Source material Block Start

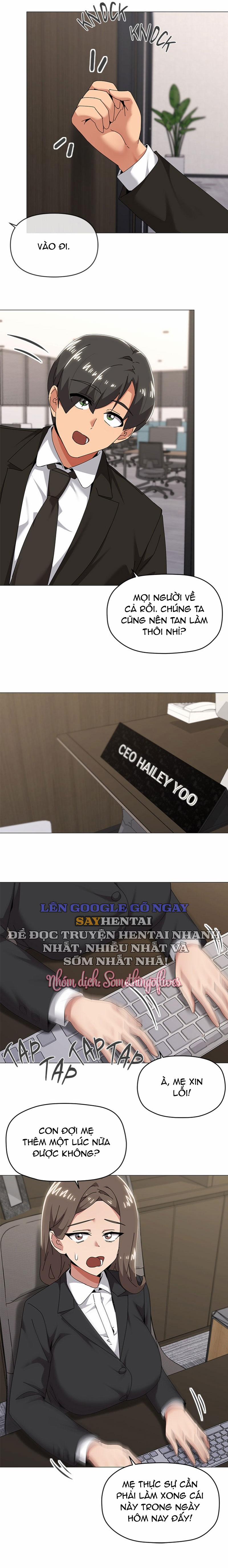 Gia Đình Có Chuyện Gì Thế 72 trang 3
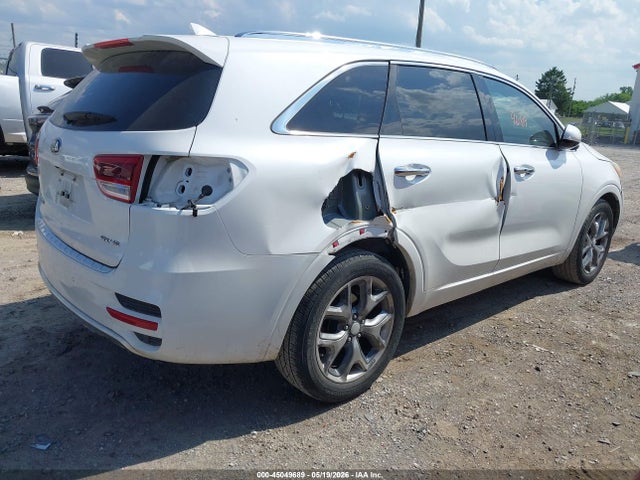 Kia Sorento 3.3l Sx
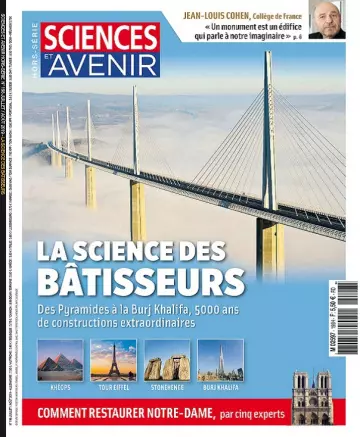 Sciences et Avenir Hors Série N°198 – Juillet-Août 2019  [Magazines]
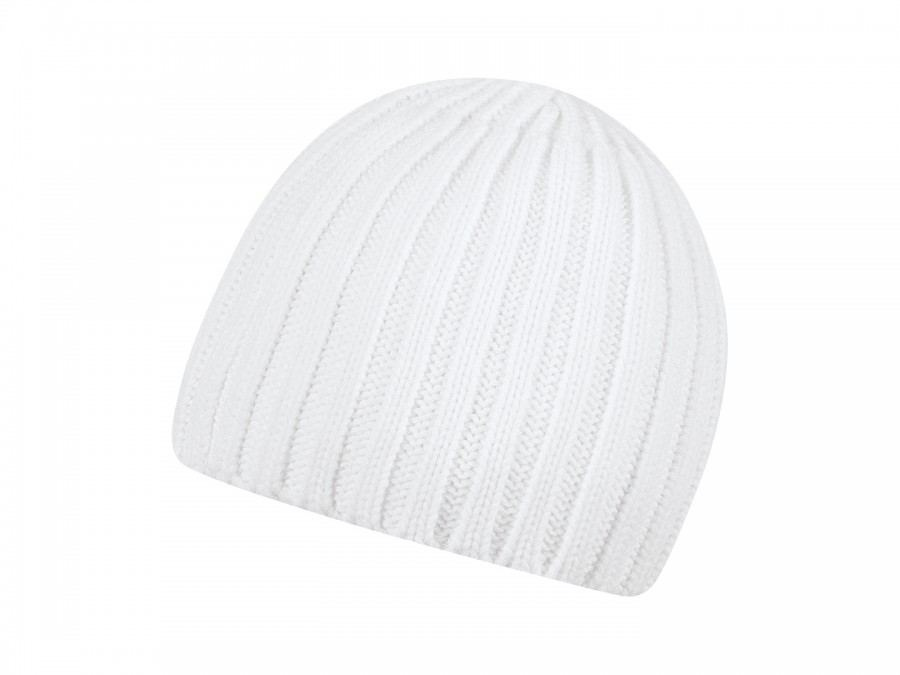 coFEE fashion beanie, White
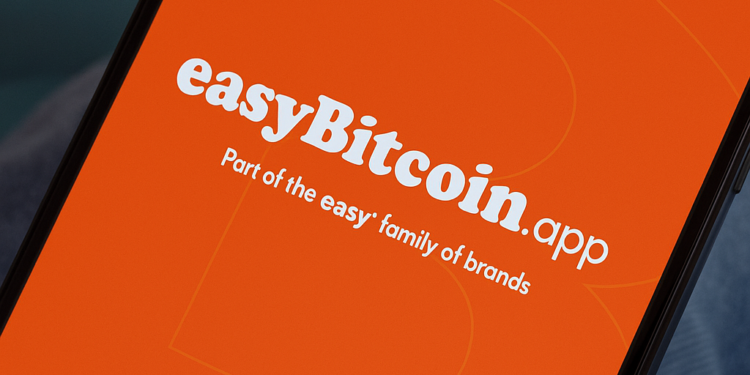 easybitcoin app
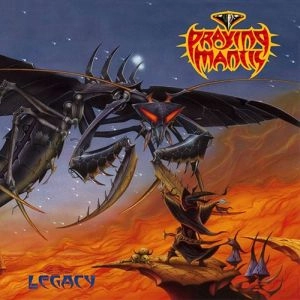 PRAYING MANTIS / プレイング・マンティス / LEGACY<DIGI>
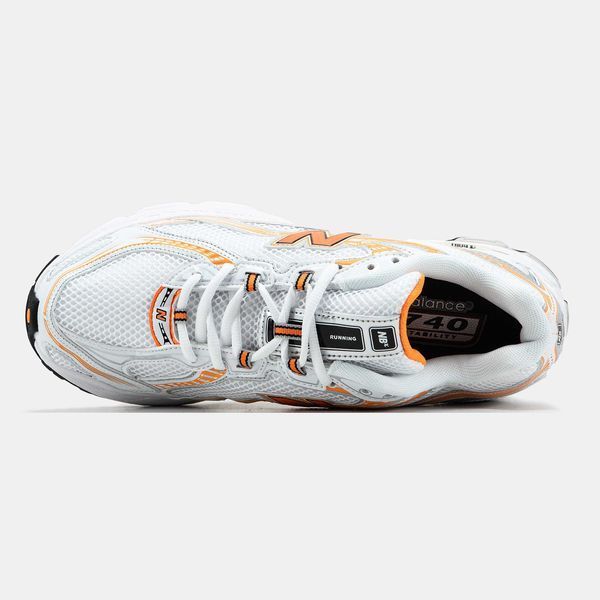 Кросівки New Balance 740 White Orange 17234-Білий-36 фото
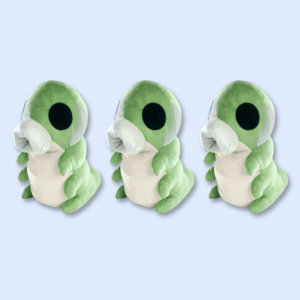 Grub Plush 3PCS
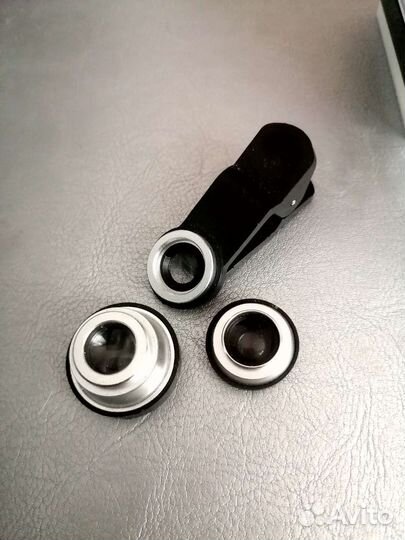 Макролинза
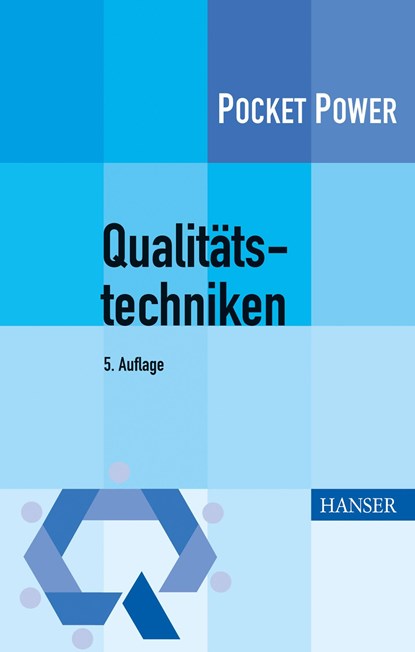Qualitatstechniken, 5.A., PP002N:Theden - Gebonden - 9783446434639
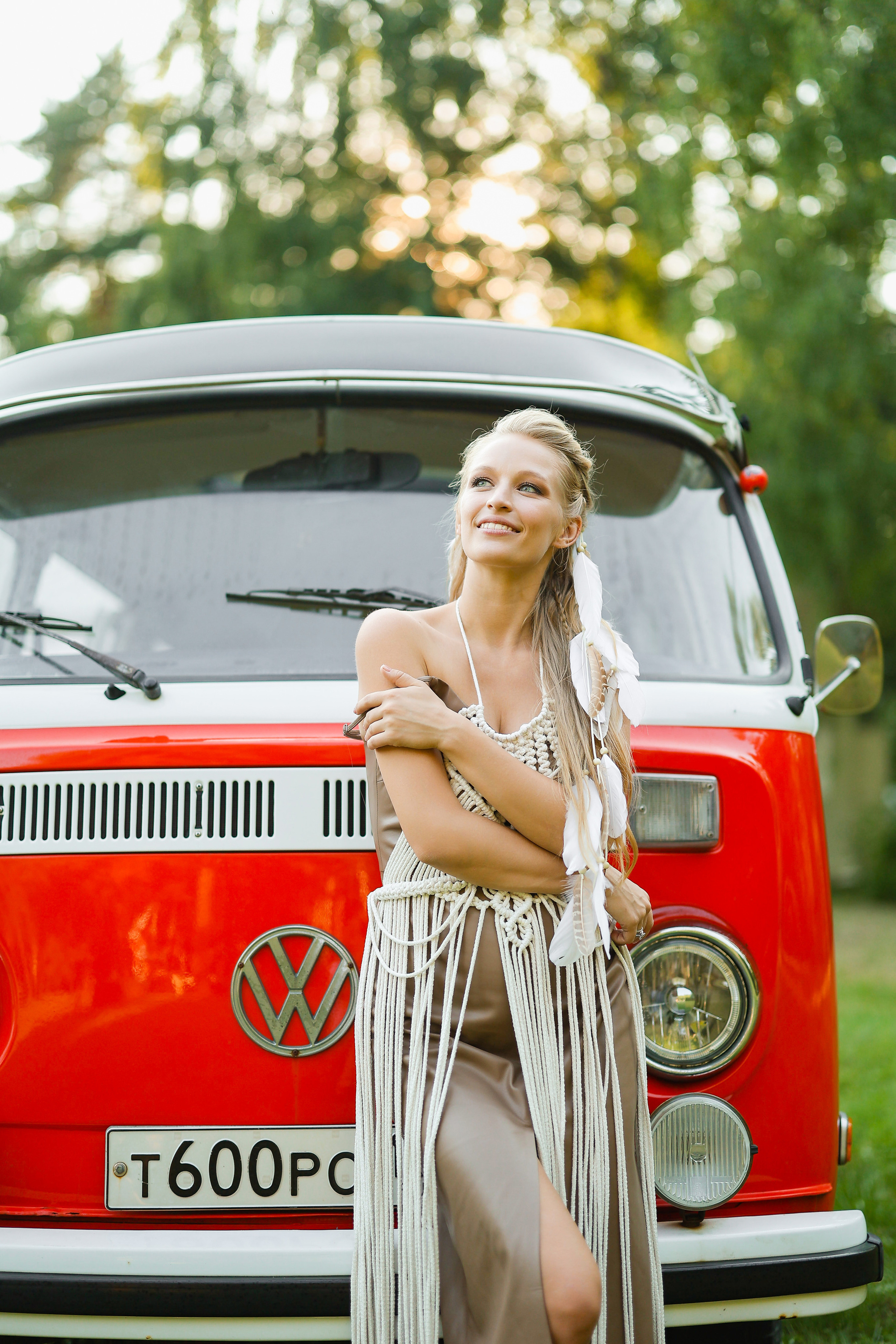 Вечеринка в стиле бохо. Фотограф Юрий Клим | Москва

Source material Block End

▶ [Your goal]: Beginning with the line that contains "Grub Plush 3PCS" and ending with the last line of the data above, output those lines exactly and nothing more, without any pictures.

▶ [Worked solution]:
 Grub Plush 3PCS
 Макролинза
Qualitatstechniken, 5.A., PP002N:Theden - Gebonden - 9783446434639
 Вечеринка в стиле бохо. Фотограф Юрий Клим | Москва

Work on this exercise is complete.